I recently made the round trip from Fort Atkinson, WI, to Poughkeepsie, NY, to deliver my older daughter to college. I made the trip in a little over 72 hours, and in that time encountered two of the most dreaded road hazards imaginable.
We left on a Friday afternoon at five, and made our way through Chicago with no trouble at all. Then we got onto I-80/94 heading east to Indiana, and that’s when the trouble started...
Within minutes, all four lanes of traffic ground to a halt. Thinking that there must be an accident or a construction zone ahead, we settled in and waited. And waited. And... waited.

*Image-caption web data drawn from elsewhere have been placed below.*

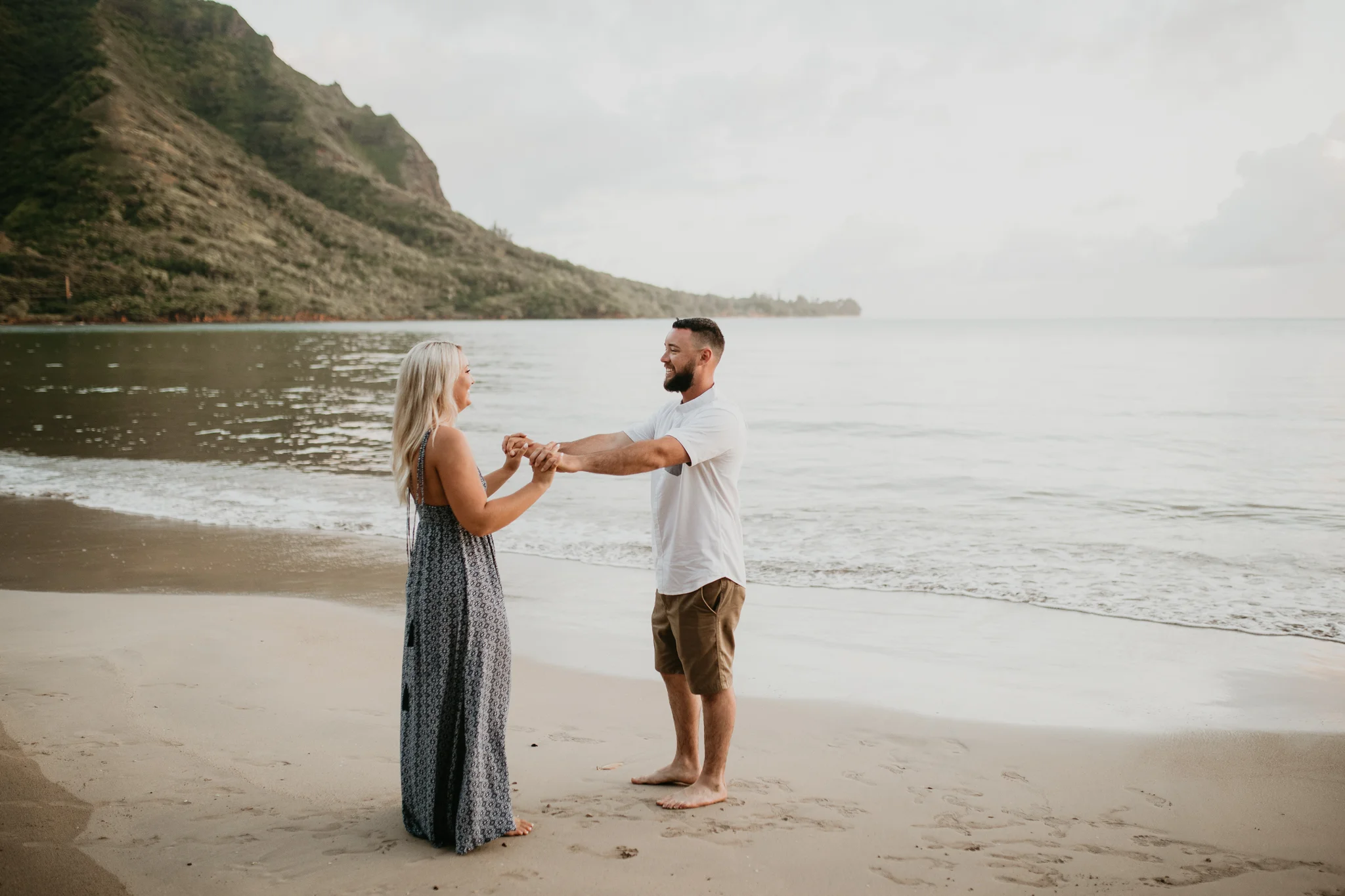 Kahana_Bay_Photographer46.jpg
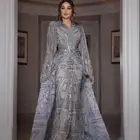 فستان أمل الأنصاري
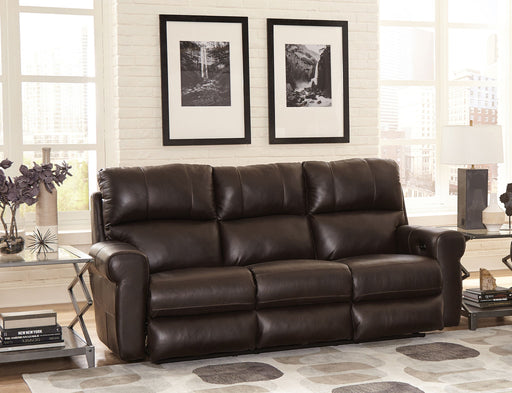 Torretta - Power Lay Flat Reclining Sofa - Premium Reclining Sofas from Catnapper - Just $1739! Shop now at Furniture Wholesale Plus  We are the best furniture store in Nashville, Hendersonville, Goodlettsville, Madison, Antioch, Mount Juliet, Lebanon, Gallatin, Springfield, Murfreesboro, Franklin, Brentwood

An hour later we had moved about a mile, and we knew something strange was going on. When people all around you are getting out of their cars to walk and stretch, something’s not right.
And yet... everything seemed normal. All the Chicago radio stations were broadcasting baseball games and sports talk. The roadside traffic alert signs weren’t flashing yellow, and the AM traffic information radio broadcast was nothing but static. If there was a serious problem on I-80/94, no one was talking about it.
And so we stuck it out.
Finally, nearly three hours into the ordeal, my daughter found an AM station in Indiana that was broadcasting the truth. The Indiana DJ said, “Folks, none of the Chicago stations are talking about this, but if you’re on I-80 trying to cross into Indiana, GET OFF THE ROAD NOW! You’re not going to make it!”
It turned out there was a section of the Interstate in northern Indiana that was flooded out, and I-80 was actually closed! And in three hours, we hadn’t seen a single law enforcement officer, not a single detour sign, not a single warning or indication that we should be getting off I-80 and finding another route! It was astonishing that nothing was being done, and we felt very lucky to have found that little AM station.
We got out of traffic, doubled back to Chicago, drove south to Champaign-Urbana, then headed east through Indianapolis and Columbus, and arrived in Poughkeepsie a mere seven hours late!
After delivering my daughter to her new dorm room, touring the campus and saying our goodbyes, my younger daughter and I headed for home the next afternoon.
Somewhere in Ohio, heading west on I-80, we were caught in a tight pocket of traffic.
Both lanes were being hemmed in by tractor-trailers, and about a dozen cars were waiting for one or the other of the rigs to pull ahead and pass, so that everyone could move ahead.
Suddenly, the Audi directly in front of me swerved into the shoulder, and I saw a three-foot long section of tire tread barreling down the lane towards me. Swerving out of its path was not an option, as the Audi knocked it right into the center of the lane. I had only an instant to make my decision: hit the road gator with my right tire, hit it with my left tire, or go right down the middle. The last choice seemed the safest, so I took a bead on the rolling black snake and hit it head-on.
BAM-BANG-BAM!
My daughter looked up from her book. “What was that?”
“It’s ok, honey,” I said, trying to remain calm. “We were just hit by a road gator.”
“A what?”
As I explained what had just happened, I cautiously tested the steering and brakes to see if there had been any obvious damage to the vital systems. It didn’t seem there had been, but Lord knows what happened to all those cars behind us.
When we stopped for lunch, I finally saw what had happened. The lower lip of my front bumper had a clean vertical crease right down the middle, and there was a nasty black tire tread imprint on the bumper itself.
I know I was lucky. The tire tread was careening along the ground, not flying through the air. I was able to pop out the dent in the front bumper by hand, and the imprint scrubbed right off.
The lasting effect, however, was a new respect for fleets and drivers that maintain proper tire inflation, and for the educational work done by the Tire Retread Information Bureau. Underinflated tires can kill, and they can also scare the hell out of you.